==== RECORD EXCERPTS ====

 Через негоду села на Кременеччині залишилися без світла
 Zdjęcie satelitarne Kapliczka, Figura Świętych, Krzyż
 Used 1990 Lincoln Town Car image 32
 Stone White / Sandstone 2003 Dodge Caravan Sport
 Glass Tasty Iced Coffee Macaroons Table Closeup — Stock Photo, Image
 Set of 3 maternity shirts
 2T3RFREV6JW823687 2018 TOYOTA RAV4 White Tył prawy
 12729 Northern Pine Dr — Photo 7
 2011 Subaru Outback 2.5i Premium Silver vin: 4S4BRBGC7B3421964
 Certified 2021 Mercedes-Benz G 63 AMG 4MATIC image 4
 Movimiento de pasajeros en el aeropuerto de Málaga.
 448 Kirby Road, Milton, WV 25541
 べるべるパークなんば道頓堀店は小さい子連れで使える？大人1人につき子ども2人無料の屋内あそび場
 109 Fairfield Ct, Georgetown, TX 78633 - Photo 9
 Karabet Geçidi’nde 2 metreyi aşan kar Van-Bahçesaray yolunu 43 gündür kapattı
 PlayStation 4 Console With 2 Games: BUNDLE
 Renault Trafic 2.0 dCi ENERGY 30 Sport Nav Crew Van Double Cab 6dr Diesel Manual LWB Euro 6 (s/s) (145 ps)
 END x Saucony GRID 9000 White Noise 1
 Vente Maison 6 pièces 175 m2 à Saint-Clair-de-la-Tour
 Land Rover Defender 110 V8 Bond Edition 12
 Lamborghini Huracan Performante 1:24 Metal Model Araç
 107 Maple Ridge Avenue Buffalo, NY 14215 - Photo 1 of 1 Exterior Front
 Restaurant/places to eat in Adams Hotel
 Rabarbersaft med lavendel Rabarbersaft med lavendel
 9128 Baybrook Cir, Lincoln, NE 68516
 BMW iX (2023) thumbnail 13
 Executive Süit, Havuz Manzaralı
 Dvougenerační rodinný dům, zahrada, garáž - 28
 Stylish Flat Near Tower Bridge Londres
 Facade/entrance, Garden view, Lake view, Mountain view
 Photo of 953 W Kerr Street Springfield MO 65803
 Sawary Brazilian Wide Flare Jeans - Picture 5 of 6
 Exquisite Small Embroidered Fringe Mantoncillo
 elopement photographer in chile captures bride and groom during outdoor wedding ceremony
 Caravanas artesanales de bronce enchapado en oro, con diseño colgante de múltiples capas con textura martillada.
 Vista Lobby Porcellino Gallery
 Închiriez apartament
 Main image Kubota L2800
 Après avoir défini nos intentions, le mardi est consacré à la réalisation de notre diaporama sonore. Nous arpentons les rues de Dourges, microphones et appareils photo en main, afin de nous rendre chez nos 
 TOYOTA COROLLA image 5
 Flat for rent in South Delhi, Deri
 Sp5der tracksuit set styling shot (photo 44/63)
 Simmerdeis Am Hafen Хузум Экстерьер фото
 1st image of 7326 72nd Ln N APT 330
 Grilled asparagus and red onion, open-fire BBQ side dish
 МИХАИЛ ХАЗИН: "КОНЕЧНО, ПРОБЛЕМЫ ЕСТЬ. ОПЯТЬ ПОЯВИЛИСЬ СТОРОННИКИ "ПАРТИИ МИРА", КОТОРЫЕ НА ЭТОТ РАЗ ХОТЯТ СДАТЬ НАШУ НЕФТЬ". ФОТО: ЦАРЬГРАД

====

Look back at the entries above and repeat, unchanged, every line from the line holding "Stylish Flat Near Tower Bridge Londres" through the line holding "Exquisite Small Embroidered".

## PROBLEM SOLUTION:
 Stylish Flat Near Tower Bridge Londres
 Facade/entrance, Garden view, Lake view, Mountain view
 Photo of 953 W Kerr Street Springfield MO 65803
 Sawary Brazilian Wide Flare Jeans - Picture 5 of 6
 Exquisite Small Embroidered Fringe Mantoncillo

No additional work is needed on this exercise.